MENCARI TELADAN BANGSA 

(Mukaddimah Majelis Ilmu Maiyah Maiyah Dualapanan Bandar Lampung Edisi November 2024)

Perbincangan tentang kepahlawanan di Indonesia sarat dengan kejadian bersejarah pada 10 November di Surabaya tepatnya tempat jembatan berdarah. Berangkat dari kejadian inilah jasa para pahlawan yang gugur dikenang.Jika momen bersejarah itu dikenang sebagai para pahlawan lalu bagaimana untuk para korban kemanusiaan di Papua? Apakah termasuk juga dalam bagian dari para pahlawan? Dalam setiap peradaban dari zaman ke zaman selalu melahirkan pahlawan pada periodenya.

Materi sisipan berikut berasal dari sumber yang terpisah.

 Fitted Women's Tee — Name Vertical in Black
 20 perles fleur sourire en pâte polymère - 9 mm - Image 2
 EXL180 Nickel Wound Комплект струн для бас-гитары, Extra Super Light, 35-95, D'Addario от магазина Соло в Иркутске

Pada peradaban yang primitif pahlawan adalah seseorang yang dianggap kuat dan mampu melindungi kelompoknya, baik dari gangguan binatang buas dan atau hal lain yang mengancam. Seseorang yang dianggap pahlawan mampu tampil untuk memimpin kelompoknya. Pada masa sesudah prasejarah kehidupan, manusia yang disebut sebagai pahlawan ialah yang identik dengan perjuangan yang berkaitan dengan kemanusiaan. Siapa saja yang berjuang atas nama kemanusiaan, maka tidak pernah terputus dari perjuangannya dan meninggal dunia masih dalam keadaan berjuang maka dia akan mendapatkan penghargaan berupa gelar pahlawan, yang berarti bahwa gelar pahlawan itu disematkan seseorang yang berjuang, untuk dirinya sendiri, untuk kelompoknya dan untuk kebesaran kelompoknya.

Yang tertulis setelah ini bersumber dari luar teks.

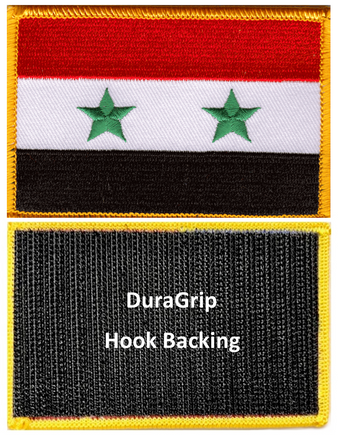 Syria flag patch with DuraGrip hook backing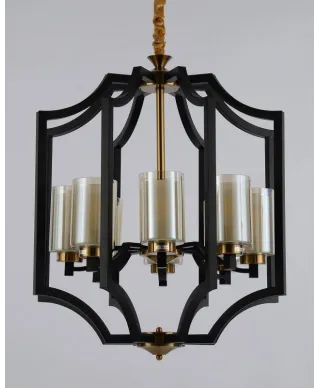 Lampa wisząca - Czarno Mosiężna Loft Vigatto W8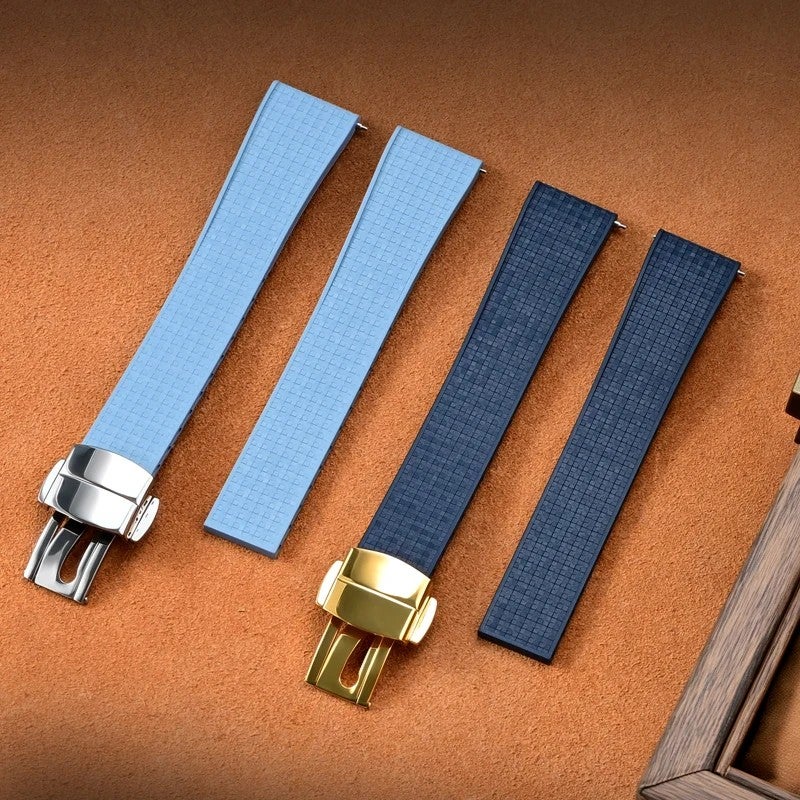 Bluejw CTSizable Mosaic Pattern Fluoroelastomer Watch Band – Replace the Watch Strap for 18mm 19mm 20mm 21mm 22mm Universal Luxury Watches - Image 2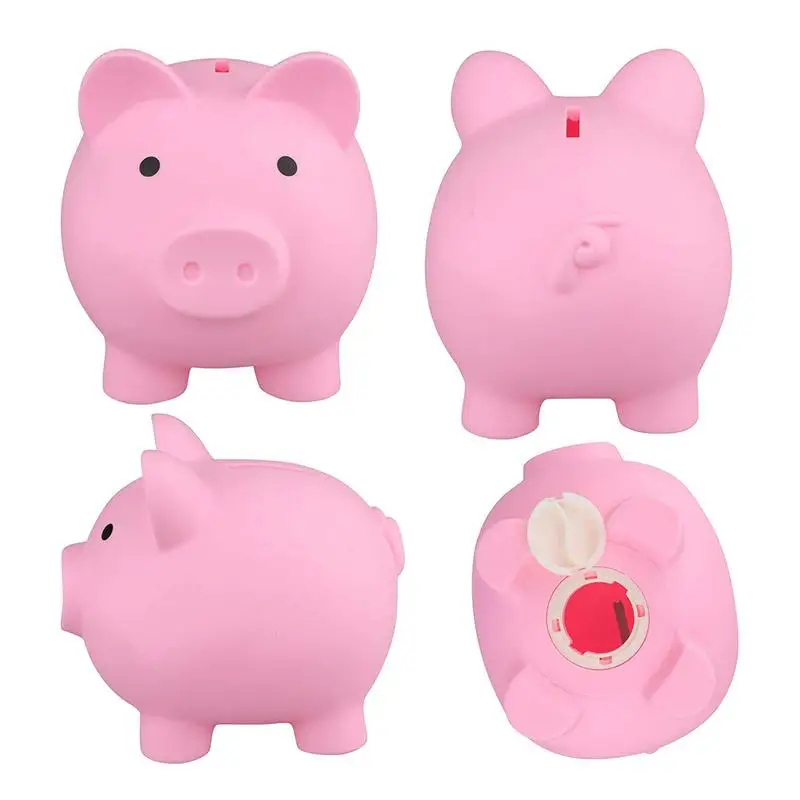 Cartoon Pig Shaped Money Boxes Unbreakable Cute Pig Piggy Bank Home Decorative Coins Storage Box Great Gift for Children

Pada masa peradaban manusia zaman dulu sampai peradaban manusia zaman modern. Perjuangan tidak serta merta ajang untuk menunjukkan kekuatan fisik semata tetapi lebih dari itu yaitu kekuatan gagasan pemikiran dan proses menemukan satu teori pembaharuan yang berguna

bagi peradaban manusia, maka ia pun layak dianggap sebagai pahlawan. Berbeda dengan zamans sebelumnya yang mana dalam tataran dunia sebelumnya, pahlawan itu ditunjukkan pada heroisme peperangan. Siapa yang memimpin peperangan baik di zaman para nabi dan rasul, zaman kerajaan-kerajaan di dunia dan kerajaan-kerajaan di Indonesia yang tampil ebagai pahlawan adalah ia yang ditunjuk menjadi panglima dan bisa memenangkan peperangan.

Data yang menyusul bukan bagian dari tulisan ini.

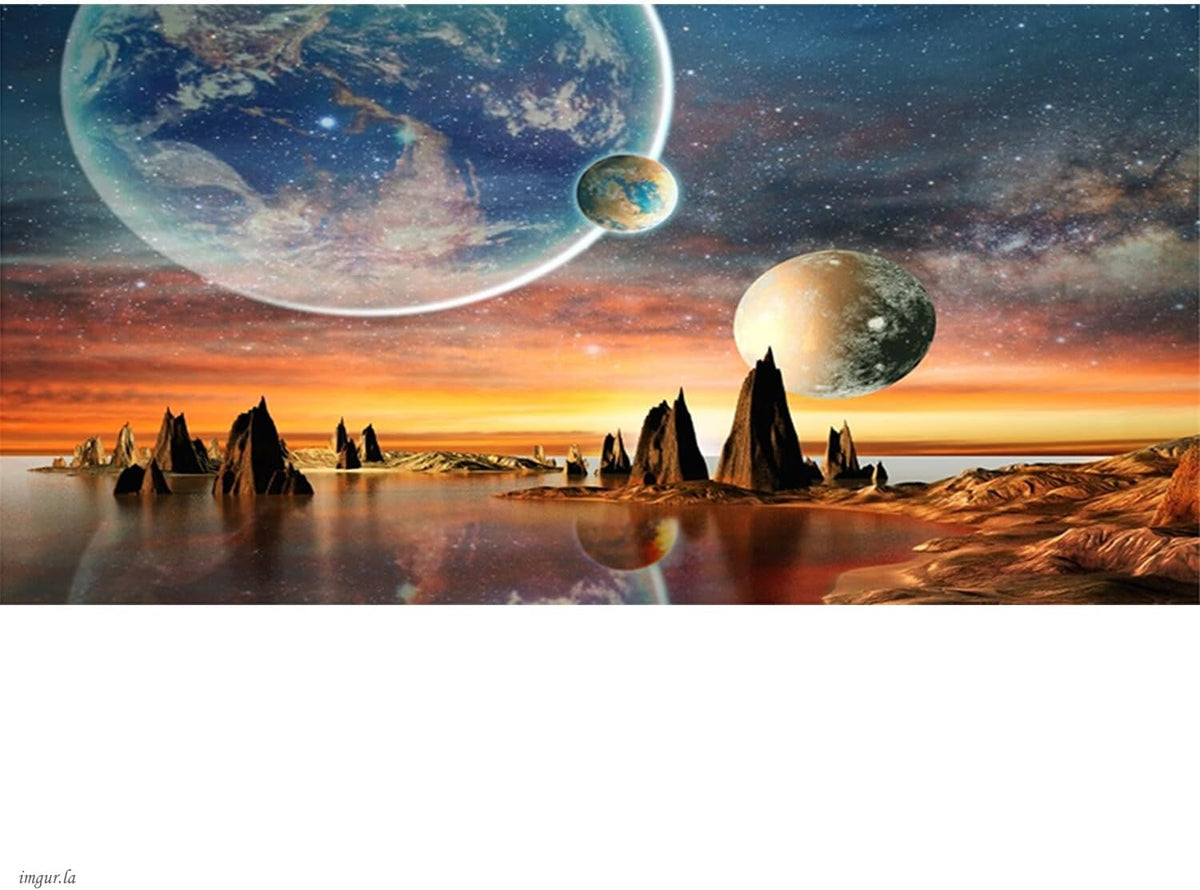 48x18 in Space Aquarium Backdrop Galaxy Planet Earth Fish Tank - 36x18in/90x45cm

Adakalanya  dalam sebuah perjuangan peperangan mengakibatkan sampai meninggal dunia, maka yang mengalami kematian di medan peperangan akan mendapat gelar pahlawan pada zamannya. Ironisnya dengan pahlawan masa kini, bahwa gelar pahlawan tidak langsung disematkan, melainkan harus ada usulan dari keluarga atau usulan dari masyarakat kepada pemerintah. Dalam hal ini terseleksi oleh Kementerian Sosial, setelah Kementerian Sosial merekomendasi maka pemerintah baru akan menetapkan orang yang diusulkan menjadi pahlawan. Mereka yang berjuang pada tahun awal kemerdekaan saat mempertahankan kemerdekaan pada era orde lama, orde baru dan orde reformasi diusulkan untuk menjadi pahlawan tapi tergantung dari pada usulan itu dengan fakta-fakta kontribusi yang ada yang menjadi indikator keputusan pemerintah untuk “ya atau tidak” seseorang dianggap menjadi pahlawan.

Lihat juga

Sampai saat ini baik dari kalangan masyarakat dan keluarga sedang mengusulkan pendiri Republik Indonesia, presiden pertama Republik Indonesia Ir. Soekarno untuk mendapatkan gelar pahlawan, walaupun dari pihak keluarga dan anak-anaknya telah mengusulkan tapi belum pernah tercapai hal tersebut dan mengindikasikan kepentingan politik pada era tersebut, menyulitkan Presiden Soekarno untuk mendapatkan gelar pahlawan begitu pula yang sedang berjuang dari pihak keluarga maupun simpatisan presiden kedua yaitu bapak Soeharto dengan predikat yang mentereng, bahkan sampai Jenderal besar dan juga gelar Bapak Pembangunan tetap harus diusulkan ke pemerintah. Dan sampai saat ini pun belum ada realisasinya untuk mendapatkan gelar pahlawan, begitu pula Abdurrahman Wahid sebagai Bapak pluralisme Indonesia malah gelar pahlawan tersebut disematkan bukan dari dalam negeri malah dari luar negeri, Begitu juga yang terjadi kepada bapak B.J Habibie menjadi pahlawan Indonesia yang meletakkan dasar teknologi di Indonesia. Seharusnya dia juga mendapatkan gelar kepahlawanan namun dikarenakan adanya kepentingan politik Timor-Timur dan lain sebagainya sehingga sampai saat ini masih menyebabkan kesalahpahaman, begitu pula presiden-presiden selanjutnya.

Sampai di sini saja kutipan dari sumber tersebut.